Die massiven Überkapazitäten sind durch die nachfolgende Marktbereinigung weitestgehend abgebaut worden. Das trifft vor allem auf den wichtigsten Bereich, die Zellproduktion, zu. In der Modulherstellung gibt es dagegen noch Überkapazitäten; hier steht einem potenziellen Angebot von 70 Gigawatt lediglich eine Nachfrage von 30 Gigawatt gegenüber. In der Zellherstellung, der Vorstufe zur Modulproduktion, fällt die Produktionskapazität dagegen deutlich geringer aus. Das ist auch dem technischen Fortschritt geschuldet. Durch neue Fertigungsverfahren ist die Zelleffizienz deutlich gestiegen. Ein Teil der bisherigen Produktionskapazitäten kann also gar nicht mehr verwendet werden, weil die damit hergestellten Produkte veraltet sind und nicht mehr nachgefragt werden.

Die harsche Marktbereinigung hat die Gewinnmargen der überlebenden Unternehmen wieder ansteigen lassen. Viele Hersteller produzieren sogar schon wieder mit Vollauslastung, wie z. B. Canadian Solar, Jinko Solar und Trina Solar. Yingli Green Energy produziert sogar mit einer Auslastung von 120 %, so dass man Aufträge an Drittanbieter auslagern muss. Aus Gründen der Qualitätssicherung kann so ein Outsourcing aber nur begrenzt durchgeführt werden, so dass man um eine baldige Kapazitätserweiterung nicht herumkommen wird. Laut einer Umfrage von Macquarie planen 44 % der befragten führenden Solarhersteller 2014 einen Ausbau ihrer Produktionskapazitäten.

Die gestiegene Auslastung hat aber längst nicht bei allen Herstellern wieder für schwarze Zahlen gesorgt. In China gelang im 2. Quartal lediglich Jinko Solar die Rückkehr in die Profitabilität. In Taiwan sind dagegen so gut wie alle etablierten Zell- und Modulhersteller wieder profitabel.

Noch scheut die Branche vor größeren Investitionen zurück. Angesichts des in den letzten Jahren zusammengebrochenen Marktes verwundert es nicht, dass sich die Hersteller eine Wiederaufstockung ihrer Kapazitäten lieber zwei Mal überlegen. Um solche Investitionen überhaupt durchführen zu können, benötigen viele Unternehmen frisches Kapital.

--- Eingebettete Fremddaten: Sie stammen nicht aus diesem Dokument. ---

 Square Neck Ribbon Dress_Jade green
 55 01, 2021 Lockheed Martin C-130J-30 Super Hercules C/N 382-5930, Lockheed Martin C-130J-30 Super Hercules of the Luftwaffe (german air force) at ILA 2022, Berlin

Canadian Solar, Jinko Solar und Renesola haben einen solchen Schritt bereits hinter sich. Yingli Green Energy bereitet dagegen offensichtlich eine gemischte Finanzierungsrunde vor, mit der sowohl Eigen- als auch Fremdkapital in die Unternehmenskasse gespült werden soll. Unklar ist aber bei allen Herstellern, ob das gesamte frische Kapital tatsächlich in Erweiterungsinvestitionen gesteckt wird. Kapitalerhöhungen könnten auch zum Abbau kurzfristiger Schulden genutzt werden.

Vor allem Asien könnte der Solarbranche neue Wachstumsphantasie liefern. Dort ist die Durchdringung mit alternativen Energien noch bei weitem nicht so fortgeschritten wie in Europa und den USA. Hier winkt der Branche also überproportionales Wachstum. Von dieser Entwicklung profitieren könnten vor allem Canadian Solar, JA Solar, Renesola und Trina Solar.

Für die Zulieferindustrie stellt sich die Situation derzeit noch etwas schwieriger dar als bei den Herstellern. Das Marktforschungsunternehmen IHS erwartet, dass die Hersteller von Solarzellen, -Modulen und Vorprodukten im kommenden Jahr 30 % mehr investieren. Das entspräche dem ersten Anstieg seit 2011. Davon wird die Zulieferindustrie natürlich profitieren. Die Branche ist mit rund 100 Unternehmen allerdings besonders hart umkämpft. Zudem ist unklar, wann die Hersteller ihre Investitionszurückhaltung tatsächlich über Bord werfen. Bisher bleiben Anfragen bei den Zulieferern unverbindlich und münden oft nicht in konkrete Bestellungen. Die Zulieferbranche schreibt oftmals noch rote Zahlen. Wer in diesem Bereich investieren will, sollte daher eher auf diversifizierte Zulieferer setzen, die nicht so abhängig von der Solarbranche sind und bereits wieder schwarze Zahlen schreiben. Hierzu gehören z. B. die beiden US-Unternehmen GT Advanced Technologies (siehe Seite 5!) und Applied Materials sowie der japanische Industriekonzern Komatsu.